Copy of the driving licence on record admittedly did not authorise the claimant to drive the offending vehicle. The objection of collusion taken in the reply by the appellant does not finds mention in the impugned order. The findings returned even on the point of the claimant purportedly being an employee of respondent No. 1 are cryptic and vague. After discussing the respective contentions of the parties and taking into consideration the statement of PW1, all that the Commissioner has said is that "it is proved that petitioner was an employee with the respondent No. 1 and sustained injuries during the course of his employment and he is entitled for compensation". This, in my considered view, does not suffices the spirit of the Act, as the Commissioner was required to answer the objections which were taken in the reply by present appellant on the basis of the evidence which was on record. 9. Therefore, the impugned order is not sustainable in the eyes of law as the same has been passed without adjudicating the objections of the present appellant.
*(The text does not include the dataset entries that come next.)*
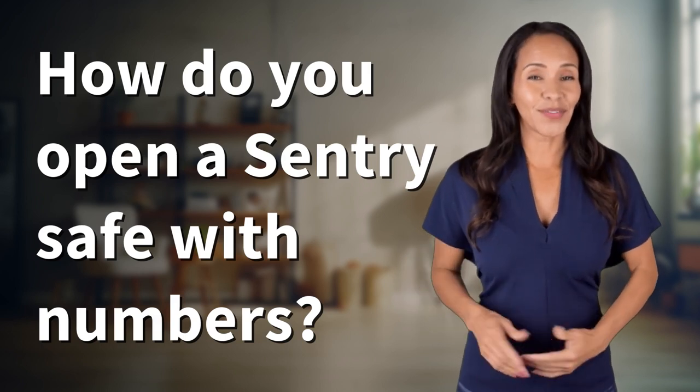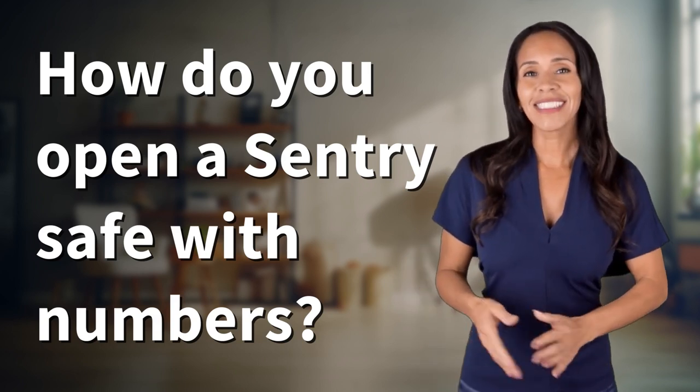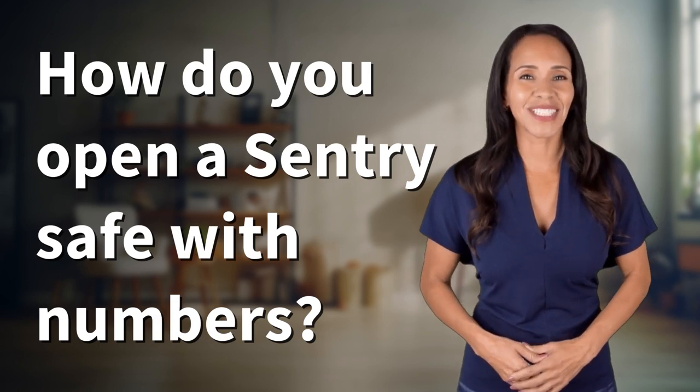Feeding your curiosity, fueling our passion. Let's satisfy our quest for knowledge with today's question.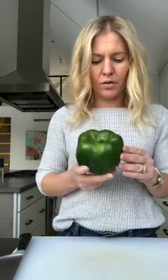I'm going to show you how I cut a pepper. This is a very large one, but you'd use the same technique with whatever pepper you have.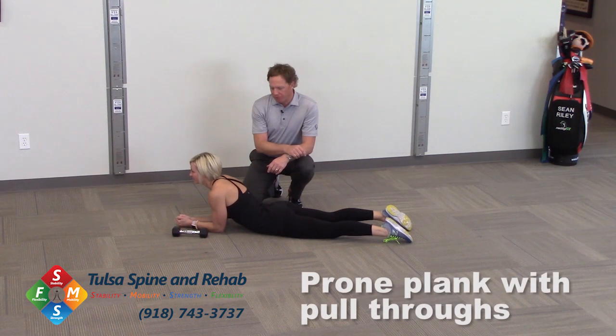This drill is called prone plank with pull throughs — another progression to the basic plank. This drill is very good for core stability and trunk stability.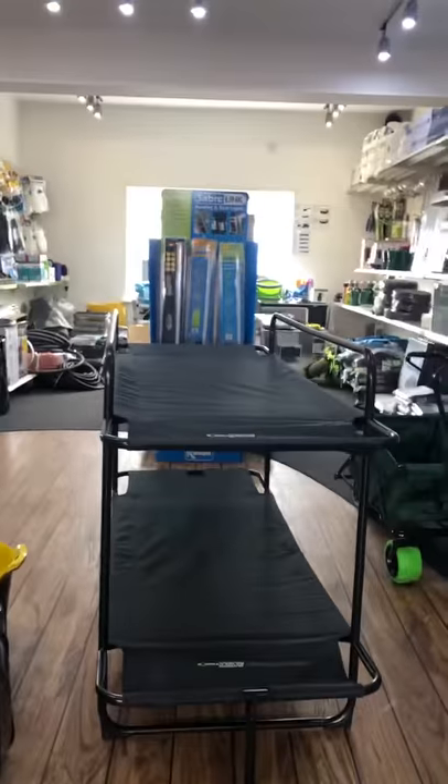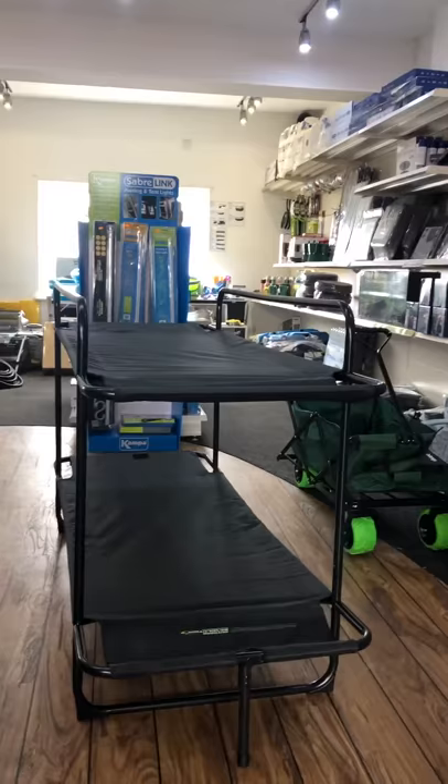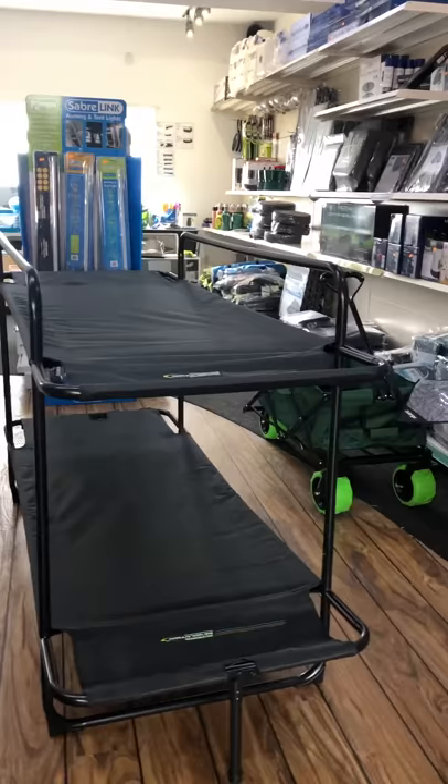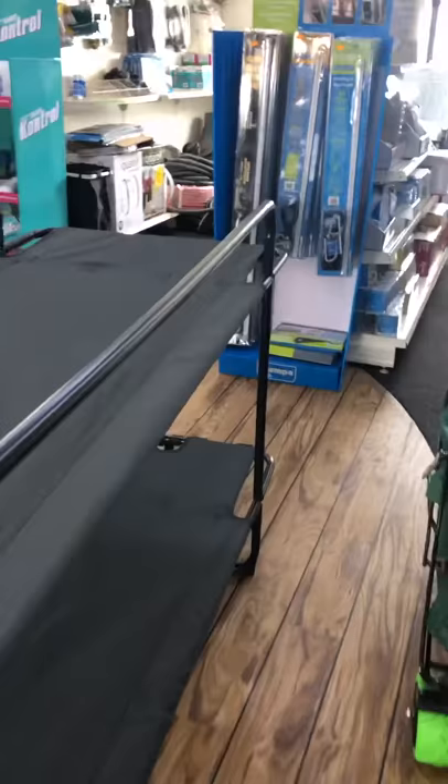Hi guys, it's Damon here at Newquay Camping Shop, and look what's just arrived — the new Outdoor Revolution bunk beds. We've just assembled it to see how easy it was, because we haven't had to do that before. It literally took us about seven minutes, but once you've done it once it will be quicker than that. You can also put these bunk beds together as two singles, which is nice and handy.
Substantial questions of law are answered accordingly and the present appeal is partly allowed by setting aside the order passed by the learned Commissioner dated 04.07.2008 and by further remanding the matter back to the learned Commissioner to decide the claim petition afresh in view of the pleadings of the parties as well as evidence which has been placed on record by the parties. 10. It is clarified that no opportunity shall be granted by the learned Commissioner to either of the parties to place any additional material on record. 11. Parties are directed to appear before learned Commissioner on 27.01.2020. 12. Appeal stands disposed of in above terms, so also pending miscellaneous application(s), if any.